* [How to complete this task]
Give again, exactly as written, each line of the material below starting at the line that contains "An aerial view" and ending at the line that contains "Beige canvas tote". Both ends count, and no other line does.

* [Material provided]
--------

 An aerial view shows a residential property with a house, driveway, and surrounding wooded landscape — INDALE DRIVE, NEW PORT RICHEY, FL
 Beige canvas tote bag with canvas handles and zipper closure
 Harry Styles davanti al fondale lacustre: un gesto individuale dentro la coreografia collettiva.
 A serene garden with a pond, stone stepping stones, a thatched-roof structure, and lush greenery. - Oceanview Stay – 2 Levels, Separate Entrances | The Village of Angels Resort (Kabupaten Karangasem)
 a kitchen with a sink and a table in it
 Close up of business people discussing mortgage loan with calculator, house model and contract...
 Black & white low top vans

--------

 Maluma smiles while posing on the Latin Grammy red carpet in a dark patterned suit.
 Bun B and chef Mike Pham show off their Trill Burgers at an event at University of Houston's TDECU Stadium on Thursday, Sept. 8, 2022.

--------

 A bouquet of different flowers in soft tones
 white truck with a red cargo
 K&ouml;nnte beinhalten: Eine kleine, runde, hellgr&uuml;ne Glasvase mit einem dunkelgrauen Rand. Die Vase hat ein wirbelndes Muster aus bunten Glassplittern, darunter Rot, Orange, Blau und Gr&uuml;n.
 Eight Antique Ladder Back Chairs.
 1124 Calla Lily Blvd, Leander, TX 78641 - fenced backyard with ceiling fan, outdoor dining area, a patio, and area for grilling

--------

* [Answer space]
 An aerial view shows a residential property with a house, driveway, and surrounding wooded landscape — INDALE DRIVE, NEW PORT RICHEY, FL
 Beige canvas tote bag with canvas handles and zipper closure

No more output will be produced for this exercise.